L’idée d’une concertation plus étroite entre les deux Parlements n’est pas nouvelle. En 2003, lors du 40e anniversaire du traité de l’Elysée, le président Jacques Chirac et le chancelier Gerhard Schröder avaient déclaré vouloir « harmoniser [les] législations [des deux pays] dans les domaines principaux qui intéressent la vie [des] citoyens ». Il aura fallu attendre seize ans pour concrétiser cette ambition sur le plan institutionnel.

Constituée de cent députés, cinquante Français et cinquante Allemands, cette assemblée se réunira au moins deux fois par an, avec trois missions principales : transposer les directives européennes en termes identiques dans les deux pays ; veiller à ce que les objectifs inscrits dans le traité d’Aix-la-Chapelle soient atteints, notamment en matière de coopération transfrontalière ; appliquer les décisions prises chaque année lors du conseil des ministres franco-allemand. « Cette assemblée devra contrôler les deux exécutifs, elle sera une sorte d’aiguillon parlementaire », explique au Monde M. Ferrand.

Différend procédural

Des deux côtés du Rhin, la création de cette Assemblée a été largement approuvée. Le 11 mars, seuls cinq députés français ont voté contre : quatre membres du groupe La France insoumise (LFI) ainsi que Gilbert Collard (Rassemblement national). Au Bundestag, le 20 mars, 509 élus ont voté oui, 111 ont dit non et 25 se sont abstenus. Parmi ces 136 députés, la quasi-totalité du groupe Alternative pour l’Allemagne (extrême droite) et les trois quarts du groupe Die Linke (gauche radicale).

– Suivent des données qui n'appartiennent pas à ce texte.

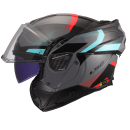 LS2 Klapphelm Advant II Triple Grau Blau Rot FF910 Motorrad Helm Integralhelm M (57-58cm)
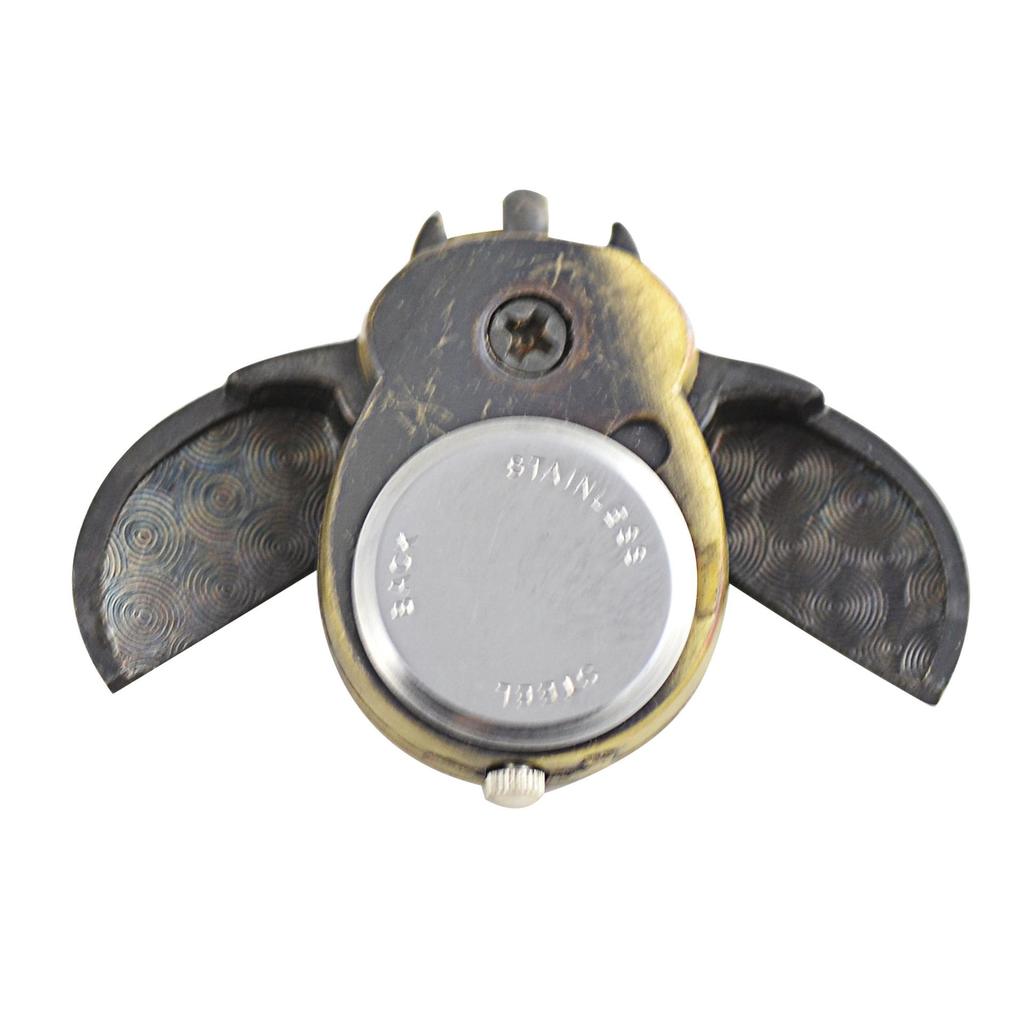 Vintage Owl Pendant Necklace with Antique Bronze Slide Cover Pocket Watch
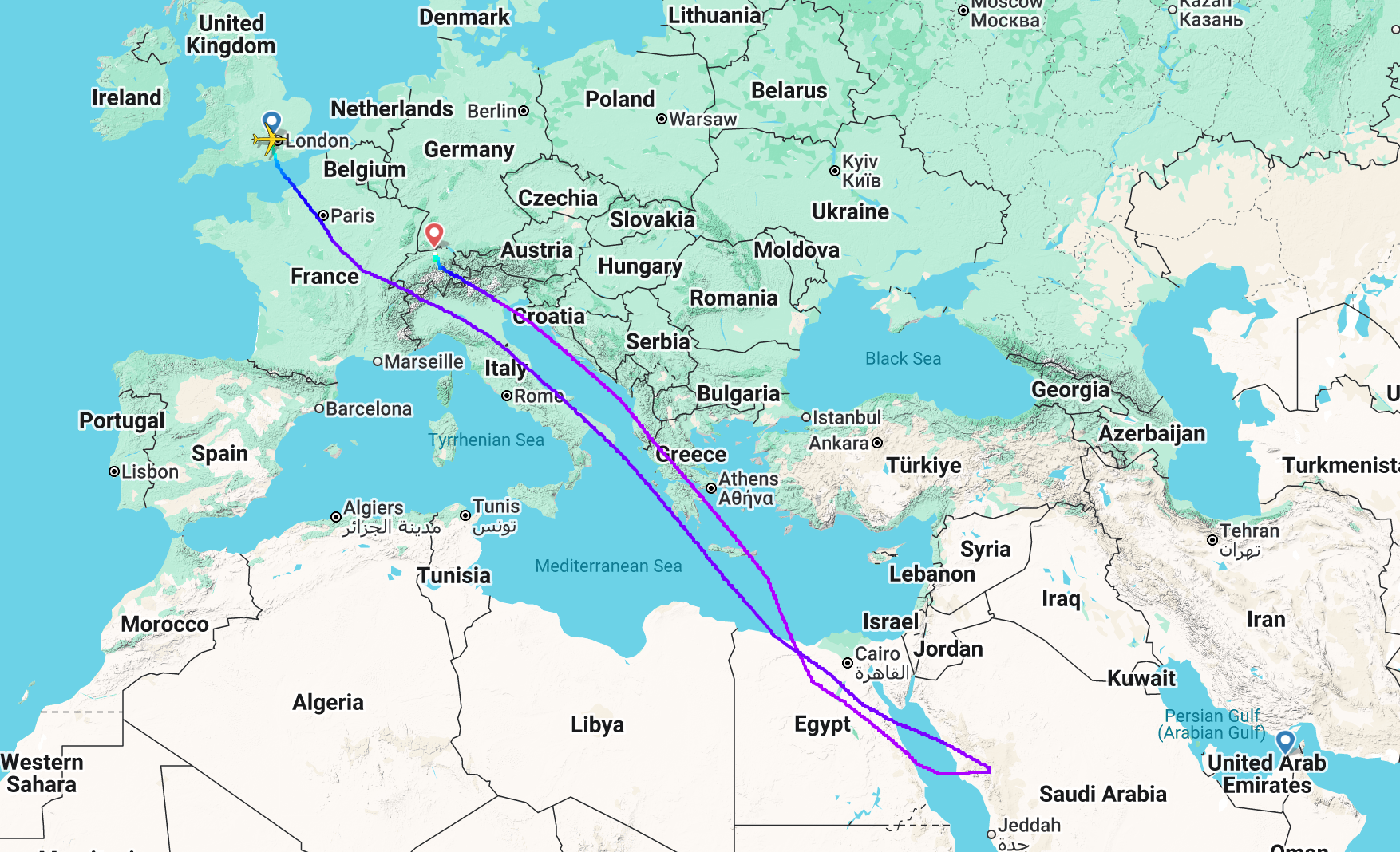 Flightpath of British Airways flight BA109 from London Heathrow to Dubai, which turned around over Saudi Arabia and returned as far as Zurich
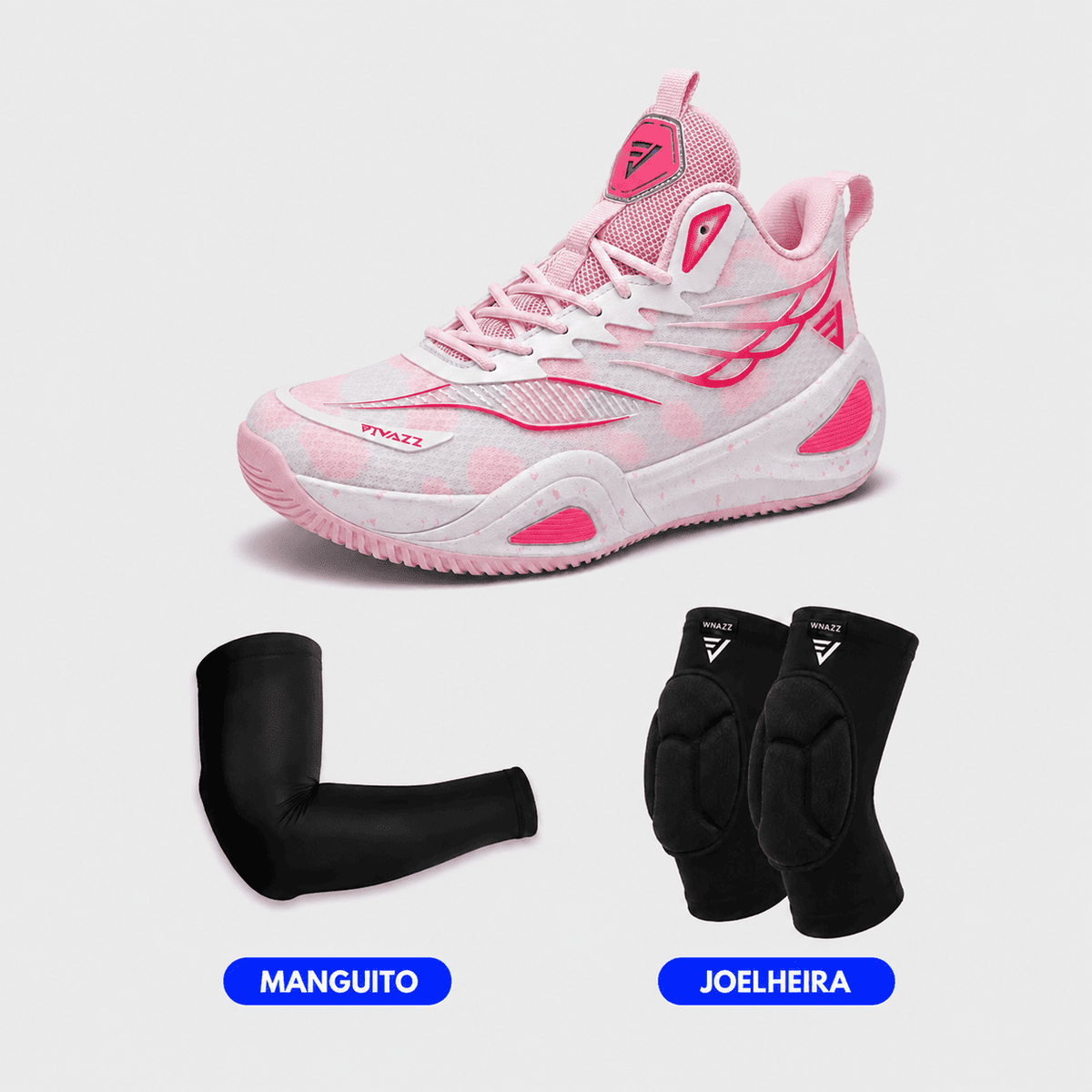 KIT Tênis de Vôlei e Basquete DunkX - Manguito + Joelheira | Respirável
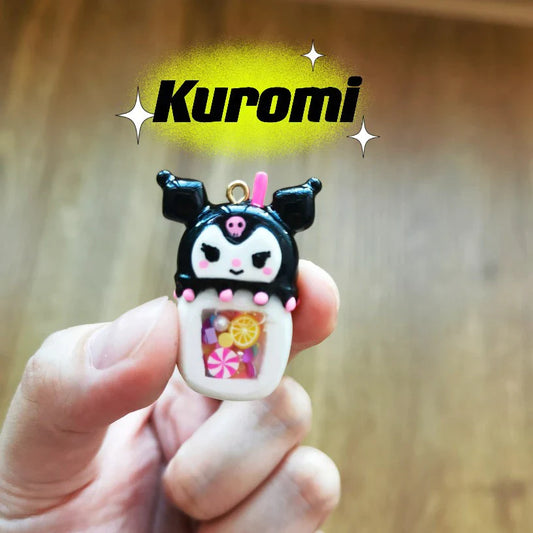 Sanrio Bubble Tea clay Charm - Kuromi Fuzzy N Chic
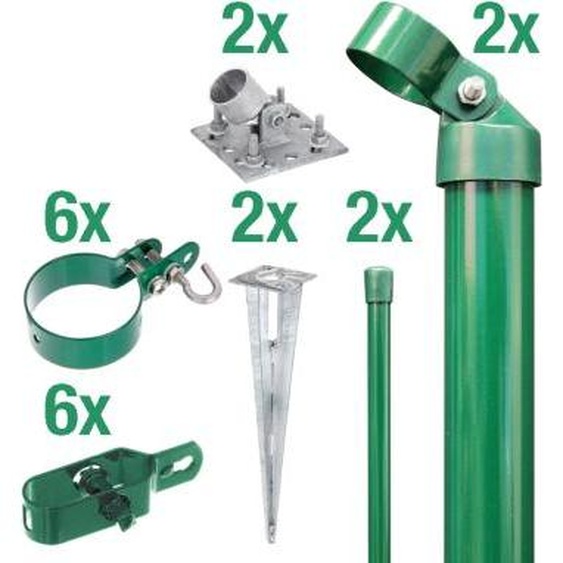 Alberts 601485 Set dangles de clôture, portail en treillis ondulé ec clôture verte en mailles, set,fil,vert,EBH,800, phosphaté zinc vert, avec douille à enfoncer dans le sol, hauteur du poteau de portail EBH : 76 mm, hauteur de la clôture : 80 cm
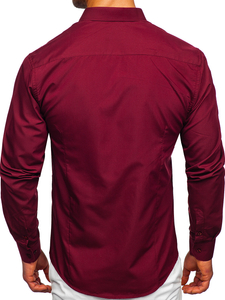 Camicia elegante da uomo bordeaux a maniche lunghe Bolf 1703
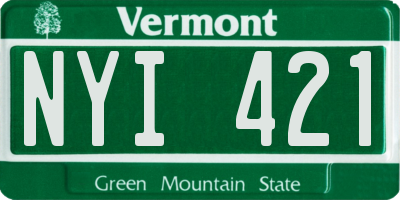 VT license plate NYI421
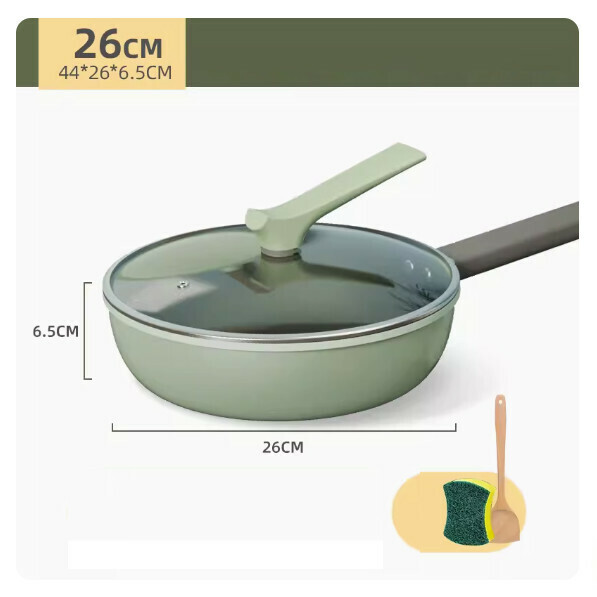 爆款麥飯石炒鍋不粘家用煎炒兩用鍋電磁爐平底鍋(26CM小鳥煎炒兩用鍋)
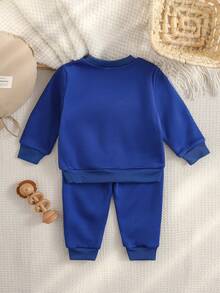 Infant Boys' Lion Head Casual Cute Sweatshirt Set, Autumn/Winter - Blue - View 2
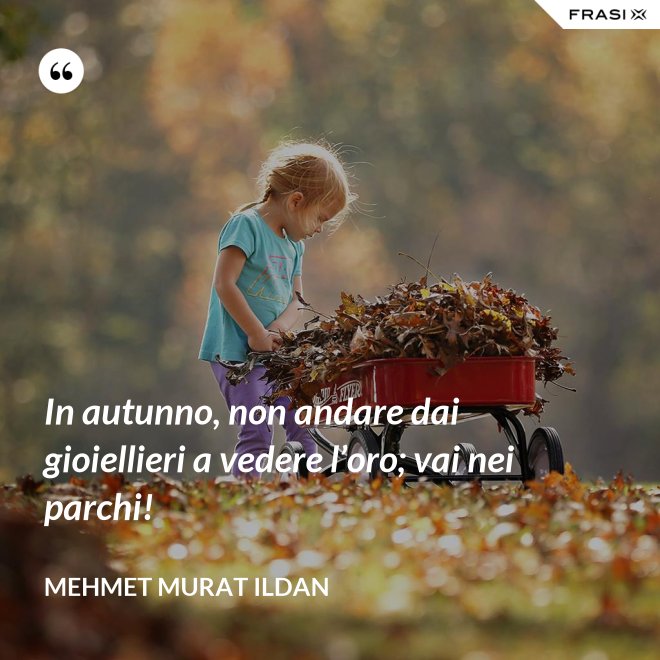 In autunno, non andare dai gioiellieri a vedere l’oro; vai nei parchi! - Mehmet Murat Ildan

Pour ses opposants, ce nouvel organe porte atteinte aux souverainetés nationales et crée un « condominium franco-allemand », selon l’expression de Jean-Luc Mélenchon (LFI). Faux, rétorquent les défenseurs du projet. Cette Assemblée n’est pas « exclusive au couple franco-allemand mais a vocation à s’ouvrir le plus largement possible », assure M. Ferrand. « Les membres de cette Assemblée pourront proposer des résolutions communes, mais ce n’est que votées souverainement par les deux Parlements qu’elles pourront avoir force juridique », explique la députée Sabine Thillaye (La République en marche). Née en Allemagne, cette élue d’Indre-et-Loire est pressentie pour piloter le bureau de la nouvelle Assemblée aux côtés du conservateur Andreas Jung (CDU), président du groupe d’amitié Allemagne-France du Bundestag.

Comment travaillera au quotidien cette Assemblée ? Un point, notamment, reste à clarifier : la façon dont voteront ses membres. En raison des différences de mode de scrutin entre les deux pays, les députés LRM seront en effet surreprésentés par rapport à ceux de la CDU. Pour garantir leur influence, ces derniers souhaitent que chaque décision soit d’abord votée séparément par les élus de chacun des deux pays. Un procédé dont les Français ne veulent pas.

Ce différend procédural peut sembler anecdotique. Il n’empêche : la façon dont il sera tranché sera un bon indicateur de l’état d’esprit dans lequel la nouvelle Assemblée compte travailler. Autrement dit, si ses membres restent avant tout des Français et des Allemands ou s’ils sont prêts à faire passer au second plan les intérêts nationaux au profit d’une ambition résolument transnationale.